Wikimedia Technology/Annual Plans/FY2019/TEC6: Address Infrastructure Gaps/Goals
Program Goals and Status for FY18/19
[edit]- Goal Owner: Mark Bergsma
- Program Goals for FY18/19: At the conclusion of this program, Zend PHP7 will be the only PHP runtime supported or used in the Wikimedia Foundation production environment.
- Annual Plan: TEC6 Address Infrastructure Gaps
- Primary Goal is Knowledge as a Service: Evolve our systems and structures
- Tech Goal: Sustaining
Outcome 2 / Output 3
[edit]Technical staff have increased visibility into the operation of our services and infrastructure.
- Modernize logging, alerting and metrics monitoring infrastructure
Dependencies on: Search Platform; Primary team: Infrastructure Foundations
Goal(s)
[edit]Adopt Logstash Done
- Review Logstash/Kibana's architecture and installation and identify next steps and gaps to be addressed.

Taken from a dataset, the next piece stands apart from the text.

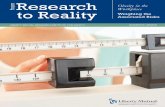 Research Obesity in the Workplace to Reality - … · LIBERTY MUTUAL RESEARCH INSTITUTE FOR SAFETY SCIENTIFIC UPDATE Obesity in the Workplace Weighing the Associated Risks from Research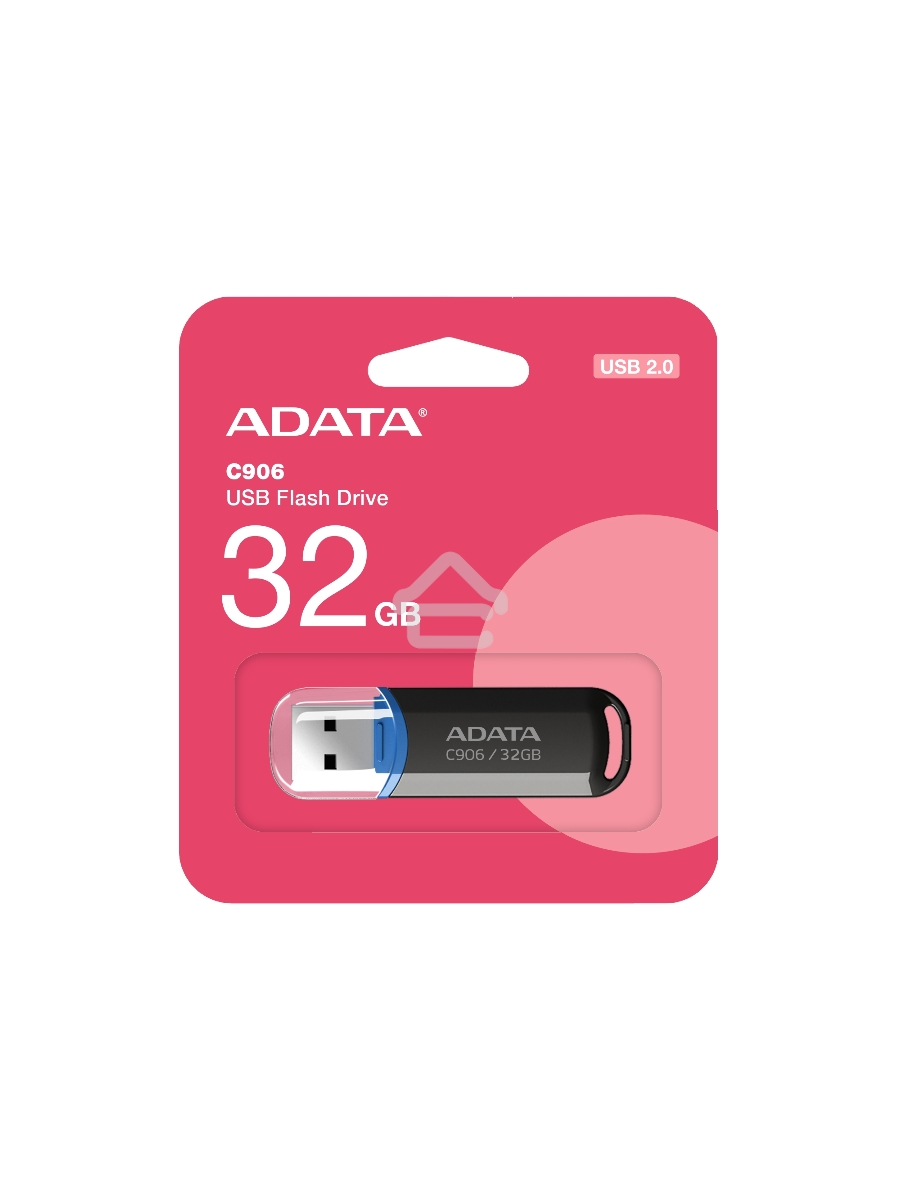 Флеш диск USB 2.0 ADATA Flash Drive 32Gb C906 Black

- Audit log producers across the infrastructure and plan their transition to centralized logging.
- Investigate log shipping methods and standardize on them.
Status
[edit]Note: July 2018
- In progress
Note: August 14, 2018
- In progress
Note: September 11, 2018
- In progress A comprehensive design document has been prepared for logging and is currently in final review.
Outcome 3 / Output 4
[edit]Wikimedia projects and content are protected against major disasters that threaten availability.
- Strengthen backups with reliable and redundant backup infrastructure
Dependencies on: Infrastructure Foundations; Primary teams: Data Persistence
Goal(s)
[edit]Monitor database backup generation for failure or incorrect generation Done
- Generate metrics and historic data about databases (objects, table and wiki sizes, growth over time, etc.)
- Detect and alert on backup metrics anomalies
Status
[edit]Note: July 30, 2018
- In progress
Note: August 14, 2018
- In progress
Note: September 11, 2018
- In progress Software to generate & track metrics for db backups has been written, and will soon be used to setup alerts on backup anomalies.
Outcome 4 / Output 6
[edit]Technical staff are able to implement and maintain services and infrastructure in an efficient manner with a minimal amount of manual tasks.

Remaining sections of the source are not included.